- Aim of the exercise
Your copy should begin with the line containing "Georgische vlag kaart (Gele Bloem)", end with the line containing "Scaffale a Parete", match the listing below exactly, and contain no pictures.

- Provided data
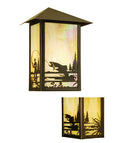 Meyda 12"W Seneca Fly Fishing Creek Wall Sconce 95649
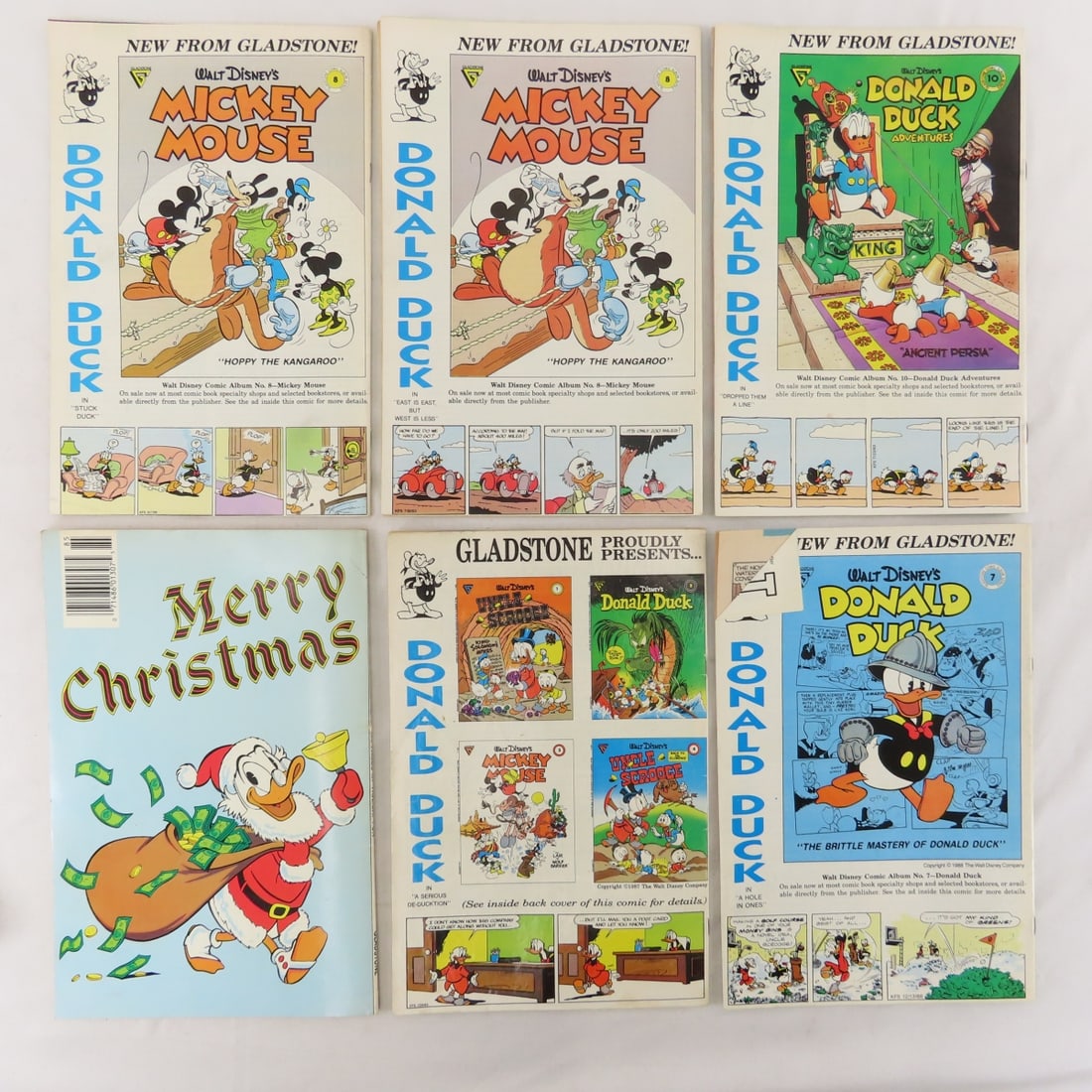 36 Gladsone Walt Disney Comics, Duck Tales #1 - 5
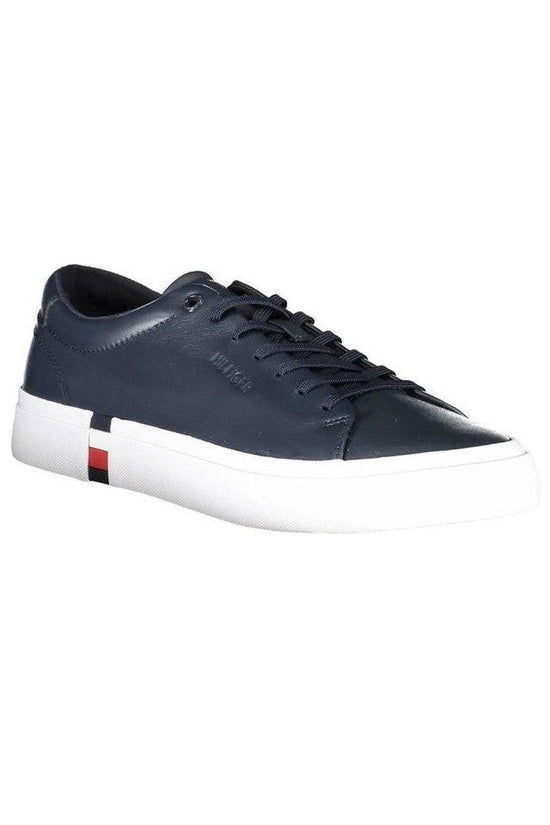 Tommy Hilfiger Cupsole Sneaker Leder Dunkelblau | ELORÉ by Tommy Hilfiger
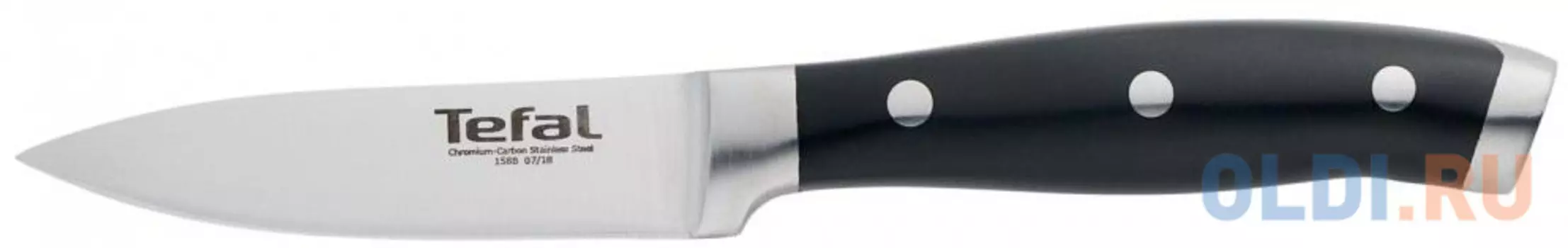 Нож Tefal K1410174 (2100109055) стальной для чистки овощей и фруктов лезв.90мм черный европодвес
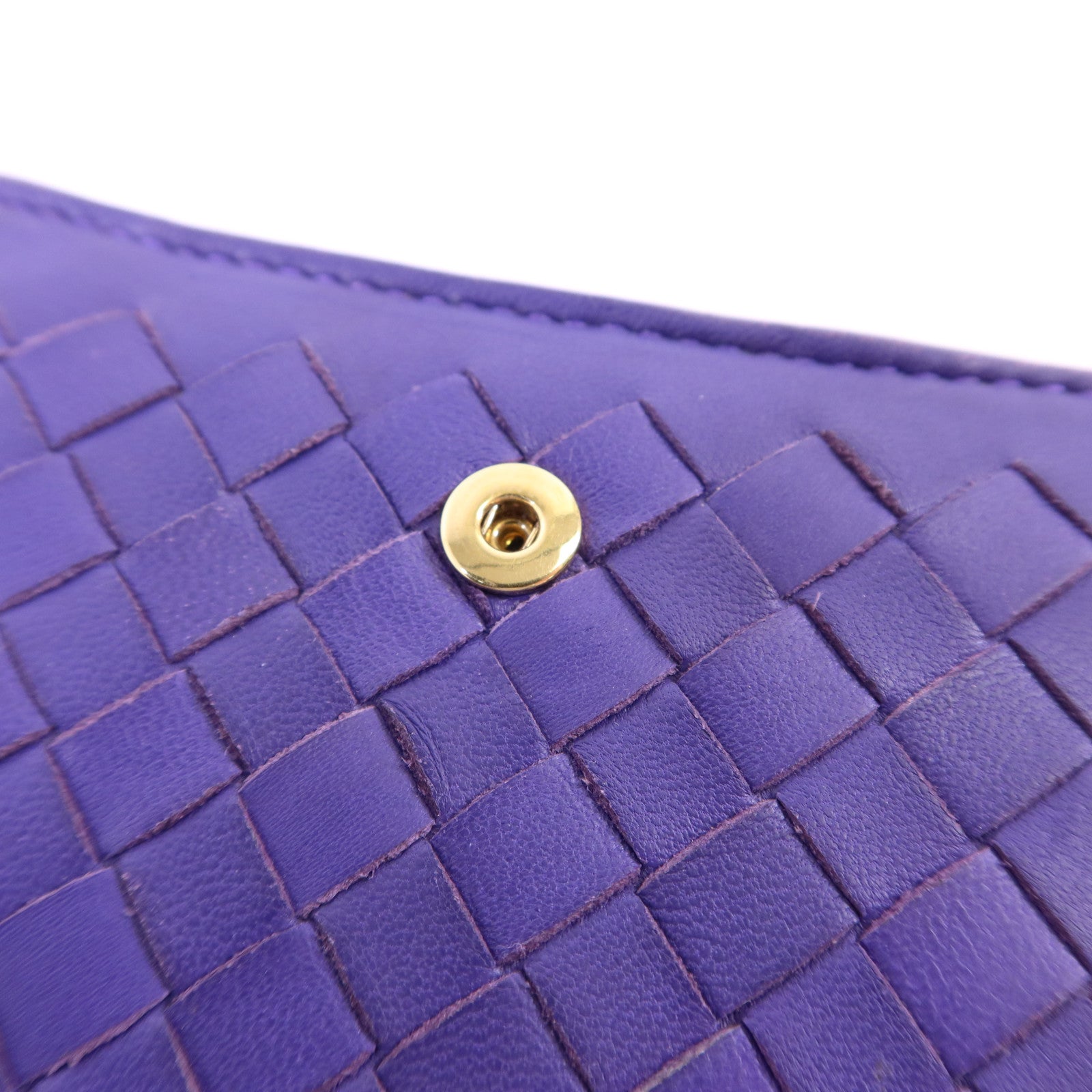 BOTTEGA VENETA 羊皮皮革W Snap Wallet金扣錢包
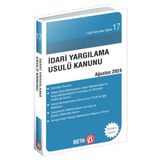 Beta Basım Yayım Cep Kanunları Serisi 17 - İdari Yargılama Usulü Kanunu (Yeni)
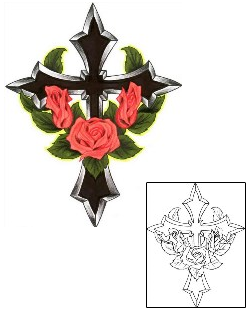Cross Tattoo Religious & Spiritual tattoo | CHF-00347
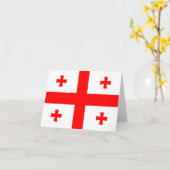 Georgische vlag kaart (Gele Bloem)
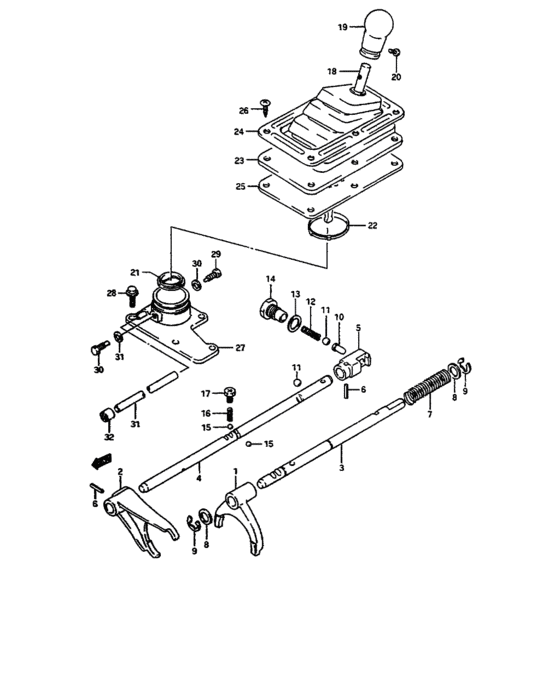 Transfer gear shifting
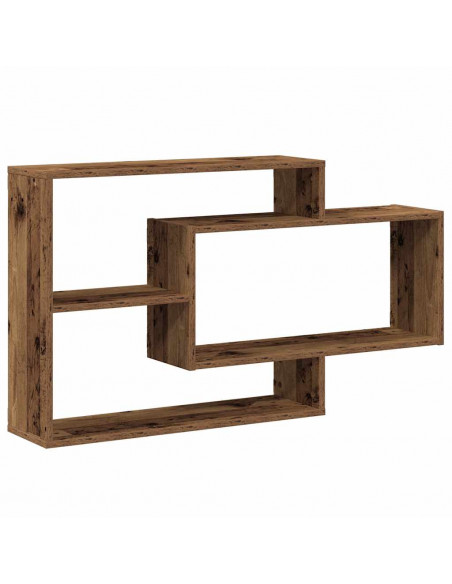 Scaffale a Parete Legno Antico 104x20x58,5 cm in Truciolato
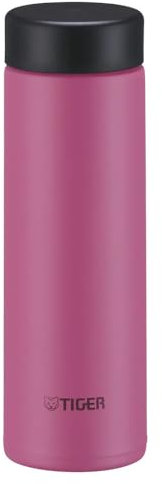 Bouteille isotherme Tiger MMP-W Tiny Easy-to-Carry, ultra légère, petites capacités, facile à laver, sans BPA, conservation froid 24h et chaud 12h, conçue au Japon (rose magnolia, 300 mL)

- Output for this task
 Georgische vlag kaart (Gele Bloem)
 Transfer gear shifting
 Scaffale a Parete Legno Antico 104x20x58,5 cm in Truciolato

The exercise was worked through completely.